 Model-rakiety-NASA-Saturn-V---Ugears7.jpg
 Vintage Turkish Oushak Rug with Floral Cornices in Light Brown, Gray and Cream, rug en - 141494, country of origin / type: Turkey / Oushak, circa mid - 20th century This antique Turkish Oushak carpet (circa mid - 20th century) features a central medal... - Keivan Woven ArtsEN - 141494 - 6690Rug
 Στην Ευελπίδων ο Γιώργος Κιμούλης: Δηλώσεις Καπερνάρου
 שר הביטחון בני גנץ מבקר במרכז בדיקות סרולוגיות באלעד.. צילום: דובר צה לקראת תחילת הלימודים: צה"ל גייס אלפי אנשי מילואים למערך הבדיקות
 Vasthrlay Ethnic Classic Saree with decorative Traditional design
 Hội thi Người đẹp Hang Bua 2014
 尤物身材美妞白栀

WORK ORDER
Your answer should be an exact copy of the lines from the one with "Vasthrlay Ethnic Classic" through the end of the material, with no other lines.

SOLUTION FOR THIS TASK
 Vasthrlay Ethnic Classic Saree with decorative Traditional design
 Hội thi Người đẹp Hang Bua 2014
 尤物身材美妞白栀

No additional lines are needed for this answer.